Pryor and co-authors published the wind power study in Nature Scientific Reports, January 2020.

The study investigated plausible scenarios for how the expansion of installed capacity of wind turbines can be achieved without using additional land. It focused on a potential pitfall of adding more turbines in a given area: whether doing so might decrease their output or even disrupt the local climate, due to a phenomenon referred to as ‘wind turbine wakes.'

"This effect has been subject to extensive modeling by the industry for many years, and it is still a highly complex dynamic to model," Pryor said.

The researchers conducted simulations with the widely-used Weather Research Forecasting (WRF) model, developed by the National Center for Atmospheric Research. They applied the model to all 18,200 wind turbines operating over the eastern part of the U.S., where half of the current national wind energy capacity is located.

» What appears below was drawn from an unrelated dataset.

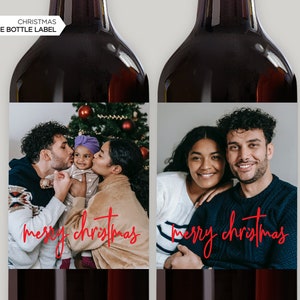 NEW! Custom Photo Wine Label | Christmas Wine Label | Holiday Wine Label | Wine Label | Wine Label With Photo | Christmas Photo Label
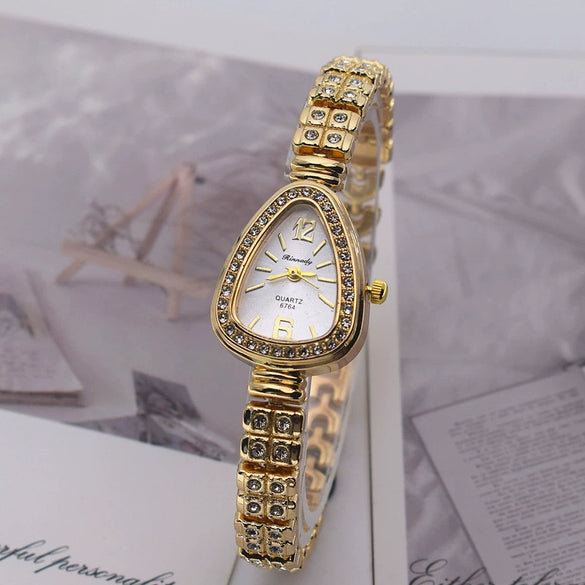 Ladies Quartz Watch Snakeshaped Flowershaped Alloy Imitation Ceramic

"For each wind turbine in this region, we determined their physical dimensions (height), power, and thrust curves so that for each 10-minute simulation period we can use a wind farm parameterization within WRF to compute how much power each turbine would generate and how extensive their wake would be," she said.

The authors chose two sets of simulation years because wind resources vary from year to year as a result of natural climate variability. The simulations were then repeated for a wind turbine fleet as of 2014, then for doubled installed capacity and quadrupled installed capacity, which represents the capacity necessary to achieve the 20 percent of electricity supply from wind turbines in 2030.

Their results showed that the U.S. could double or even quadruple the installed capacity with little change to system-wide efficiency. What's more, the additional capacity would make very small impacts on local climate. This is achieved in part by deploying next generation, larger wind turbines.

Said Pryor: "This work will benefit commercial and domestic electricity users by ensuring continued low electricity prices while helping to reduce global climate change by shifting toward a low-carbon energy supply."